Действительно, напыщенная юношеская поэма «Девушка и Смерть» напоминает, вопреки воле автора, не столько «байроническую мистерию» (Дмитрий Быков), направленную против пессимистической философии поздних романтиков и ранних символистов, сколько фольклоризированную эротическую conte, замешанную на «восточном пестром слоге» «Песни песней» и ее подражателей в России (от кн. Дм. Горчакова и Пушкина[402] до Тургенева и Куприна) и в какой-то степени «гафизо-саадического» Фета и его последователей[403]. Эта простая и откровенная эротика и вызвала, как мы полагаем, соответствующий жеребячий восторг верхушки партии, нашедший отражение как в резолюции ее вождя (благодарность за доставленное удовольствие), так и в холуйском комментарии «малообразованного» и «более чем» согласного со сталинской оценкой Ворошилова, признавшегося в классовой любви к М. Горькому, «который духовно определил наше поступательное движение». (Здесь надо добавить, что сама проблема единства любви и смерти относилась к числу волновавших Сталина, о чем свидетельствуют его пометы в экземпляре «Братьев Карамазовых» из личной библиотеки: «Любовь деятельная сравнительно с мечтательной есть дело жестокое и устрашающее»; и еще: «Любовь деятельная — это работа и выдержка»[404].)
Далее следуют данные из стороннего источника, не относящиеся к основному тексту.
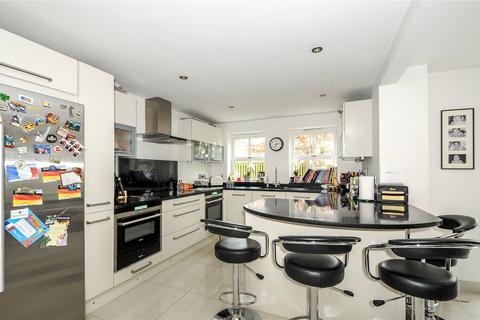 undefined, Roundshead Drive, Warfield, Berkshire, RG42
Всеволод Иванов (опять же со слов его сына) вспоминал, что автор «Девушки и Смерти» чувствовал себя обиженным. В сталинском отклике, по мнению Дмитрия Быкова, Горького «оскорбило не только слово „штука“ (впрочем, нашел кому читать драматическую поэму о любви!), но сравнение с Гёте, к „Фаусту“ которого наивное сочинение Пешкова не имеет никакого отношения, но выглядит на его фоне совершенно пигмейским»[405]. Но была ли обида?

О значимости «Фауста» для становления самого Горького мы уже говорили (в статье 1931 года он писал, что прочитал трагедию в двадцатилетнем возрасте, то есть незадолго до того, как была написана «Девушка и Смерть»). Да и слово «штука» едва ли имело для него уничижительный характер. Это типичный грубоватый стиль 1920-х годов (у Дм. Фурманова: «Да, ЦК — это штука. Это настоящая и сильная штука. Какая тут мощь!»; или у Маяковского: «Но поэзия — пресволочнейшая штуковина»). Сам Сталин использовал его в «эстетическом» контексте: «Поэт передает переживания души. Любовь — это сильная штука, а как он передает?»[406] Есть это словцо и в произведениях Горького: «Интересная штука — жизнь!»; «Он говорил, что жизнь вообще „дьявольская штука“» (о Л. Андрееве). Характерно и использование этого слова в письме Горького А. Б. Халатову от 16 марта 1931 года: «Процесс меньшевиков, разумеется, подлая штука, но сугубо полезная!» (речь идет о деле так называемого «Союзного бюро меньшевиков», на которое Горький откликнулся статьей в «Правде» от 10 апреля 1931 года)[407].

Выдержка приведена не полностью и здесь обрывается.